EXERCISE AIM =
Go to the line in the entries below that holds "2-бөлмелі пәтер ·" and repeat exactly from there through the line that holds "CRW_3845-01.jpg", inclusive.

RECORDS FOR THIS TASK =
--- --- ---

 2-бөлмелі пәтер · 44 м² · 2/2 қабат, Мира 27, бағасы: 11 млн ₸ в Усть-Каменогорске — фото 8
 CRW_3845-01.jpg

--- --- ---

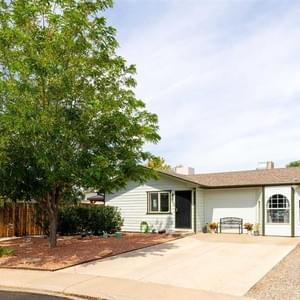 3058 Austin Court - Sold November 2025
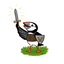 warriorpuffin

--- --- ---

EXERCISE RESPONSE =
 2-бөлмелі пәтер · 44 м² · 2/2 қабат, Мира 27, бағасы: 11 млн ₸ в Усть-Каменогорске — фото 8
 CRW_3845-01.jpg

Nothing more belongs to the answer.